Les mâles s’alimentent dans les oueds et paradent sur le reg, sélectionnant les zones surélevées, avec une végétation rases (< 5cm) et au faible couvert (3%). Ces sites leur offrent une grande visibilité.
Les femelles pondent souvent à côté d’un buisson, pour se cacher, mais aussi pour protéger les œufs du vent et des radiations en leur absence. Les femelles au nid ou avec des jeunes sélectionnent des milieux hétérogènes, composés d’un réseau d’oueds traversant des regs à végétation moyenne (> 10cm). Ces milieux offrent de nombreuses caches pour les poussins et des ressources trophiques plus abondantes.
Le reste de l’année, à l’automne et au début de l’hiver, les mâles, femelles et juvéniles s’alimentent en groupes et affectionnent les oueds et les surfaces d’épandage fortement végétalisées.
Régime alimentaire
Adaptée aux environnements arides, l’outarde houbara ne boit pas. Elle s’hydrate au travers des plantes et animaux qui entre dans son régime alimentaire. L’oiseau est décrit comme omnivore, avec un régime majoritairement composé de plantes et d’arthropodes, mais aussi de petits vertébrés comme les lézards.

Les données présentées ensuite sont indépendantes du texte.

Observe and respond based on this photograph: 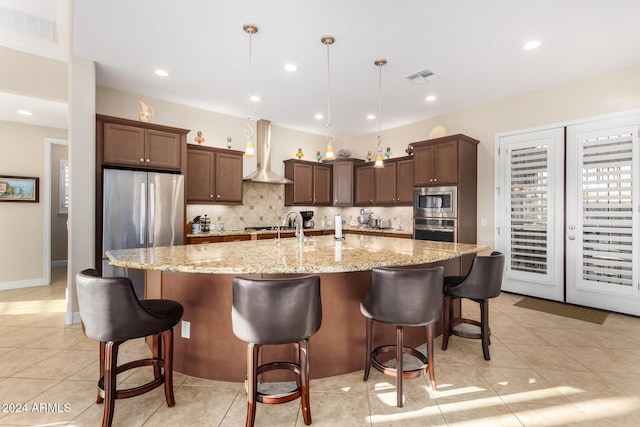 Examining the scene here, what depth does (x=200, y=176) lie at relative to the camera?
16.0ft

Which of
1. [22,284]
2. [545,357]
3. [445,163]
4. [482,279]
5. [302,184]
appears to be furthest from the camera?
[302,184]

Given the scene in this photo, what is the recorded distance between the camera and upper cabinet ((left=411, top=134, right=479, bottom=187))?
4.70 meters

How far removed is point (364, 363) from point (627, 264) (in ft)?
12.1

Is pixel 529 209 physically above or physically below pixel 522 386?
above

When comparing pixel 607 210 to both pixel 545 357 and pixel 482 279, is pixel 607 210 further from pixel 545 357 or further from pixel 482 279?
pixel 482 279

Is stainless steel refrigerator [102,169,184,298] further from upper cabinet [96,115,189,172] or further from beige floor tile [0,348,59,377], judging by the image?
beige floor tile [0,348,59,377]

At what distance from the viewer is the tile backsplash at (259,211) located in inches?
213

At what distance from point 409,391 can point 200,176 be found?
4.14 meters

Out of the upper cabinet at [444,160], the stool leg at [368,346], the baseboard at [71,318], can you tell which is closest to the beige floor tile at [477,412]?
the stool leg at [368,346]

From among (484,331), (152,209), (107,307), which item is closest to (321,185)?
(152,209)

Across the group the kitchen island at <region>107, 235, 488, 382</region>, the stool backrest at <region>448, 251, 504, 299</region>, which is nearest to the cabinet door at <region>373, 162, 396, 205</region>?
the stool backrest at <region>448, 251, 504, 299</region>

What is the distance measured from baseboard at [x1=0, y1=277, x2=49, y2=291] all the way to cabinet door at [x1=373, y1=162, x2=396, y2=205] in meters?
6.18

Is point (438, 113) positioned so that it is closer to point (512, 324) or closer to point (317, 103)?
point (317, 103)

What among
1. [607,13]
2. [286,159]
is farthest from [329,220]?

En automne et en hiver, les plantes représentent 60% du régime alimentaire de l’outarde houbara, avec une consommation principale des parties vertes d’Asteraceae, de Poaceae et de Chenopodiaceae. Au printemps et en été, les plantes ne représentent plus que 35% de son alimentation. L’outarde houbara se nourrit alors principalement de fourmis et de scarabées.
Statut et menaces
Au cours des trente dernières années, les chasses illégales d’outardes houbara (captures d’individus destinés au commerce) se sont accrues sur l’ensemble de son aire de distribution. Chaque année, ce commerce anéantit des milliers d’individus sauvages. Conjuguées à la dégradation de l’environnement, liée au surpâturage, à l’intensification de l’agriculture, et à la récupération des terres pour le loisir et le tourisme (Îles Canaries), ces pratiques sont à l’origine d’une importante régression des populations en Asie et en Afrique.
En conséquence de cette forte baisse de population, en 2004, l’Union International pour la Conservation de la Nature (UICN) a inscrit l’outarde houbara sur la « liste rouge » des espèces en voie de disparition, et l’a classée « Vulnérable ». Depuis, l’espèce est également mentionnée en Annexe I de la Convention sur le commerce international des espèces de faune et de flore sauvages menacées d’extinction (CITES), ainsi qu’en Annexe I de la Convention sur les Espèces Migratrices (CMS).
Aujourd’hui, des données fiables sur les densités d’outrades houbara et leurs variations dans toute l’aire de répartition de l’espèce sont toujours insuffisantes, empêchant une planification adéquate de la conservation. Cependant, les récentes mesures de protection prises dans les Îles Canaries et au Maroc (Stratégie de conservation ECWP) ont permis une augmentation significative de la population. Mais des mesures de conservation semblables restent nécessaires à l’échelle de toutes les espèces.